Comment by gdiamos
6 hours ago
When I first saw scaling laws in that deep speech experiment notebook, I didn’t believe it could be real. I was worried for months that we made a mistake, or that it only worked for that one dataset.
I started to believe it after we (Joel Hestness in particular) reproduced it in so many experiments in “scaling is predictable empirically”.
The OpenAI work replicated it in a completely different environment, and at that point I was sure it was real.
Sometimes people ask me why I was so surprised by it. Prior work like Banko and Brill and the unreasonable effectiveness of data argued for more data. ML theory had similar models for toy problems, eg coin flips.
At the time I thought deep learning was supposed to be complex. Speech and language datasets seemed much more complex than toy problems. Optimization of deep transformers was complex.
The idea that it was possible for the whole thing to be governed by a 3 term equation seemed too simple. The implication was that it was simple to manufacture intelligence.

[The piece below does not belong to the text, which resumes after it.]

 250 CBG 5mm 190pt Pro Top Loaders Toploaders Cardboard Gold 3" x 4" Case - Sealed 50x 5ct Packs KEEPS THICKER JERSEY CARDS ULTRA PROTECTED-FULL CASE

Ten years later, I still think it is still the most interesting observation I have seen. We are still learning what it looks like to live in a world where it is possible to manufacture intelligence.
the scaling laws work within a "generation". but what about across them?

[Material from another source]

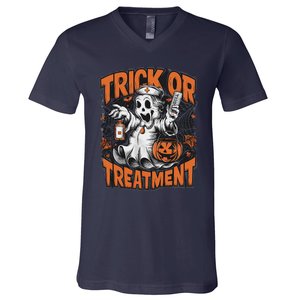 Trick Or Treatment Halloween Nurse Squad Autumn October V-Neck T-Shirt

GPT-3 was 175B, models like Gemma4 with 31B vastly outperform it, so there is more to it
as Karpathy noted, the initial GPTs were trained on complete garbage (literally, the average document from the Common Crawl is random nonsense), yet they worked. now we can use present LLMs to curate the data for the next generation
I dunno if you've seen the subreddit, "Sub Simulator GPT2", but I found it around 2020-2021. It seemed to contain GPT2-style models trained/finetuned on several popular subreddits, talking to each other as stereotypical regulars of each sub would. Most of the replies were fairly coherent and somewhat related to the "thread topic", but of course even GPT3.5 would make all of them look beyond drunk only a few years later. I already had a vague understanding of neural networks and the advances in image processing at the time, but couldn't have predicted where we are now. I wonder what it'll look like in a few more years as we continue how to learn how to make this capability useful and reliable, and hopefully sometimes keep finding additional conscionable entertainment and educational applications.
Scaling laws assume the error metric and data distribution.

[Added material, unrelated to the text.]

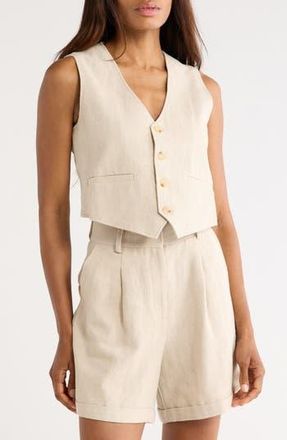 FRNCH Alix Linen & Cotton Vest in Beige at Nordstrom Rack, Size Medium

There is a lot of follow on work that explains what happens as you change them, e.g. Scaling Laws for Transfer - https://arxiv.org/pdf/2102.01293
I think it’s fortunate that transfer works in a similar way.
Common crawl (and Reddit, stack overflow, etc but not 4chan) was much easier to get access to at the time than using mechanical Turk.
There is certainly room for more work. There were many papers on scaling laws in NeurIPS this year.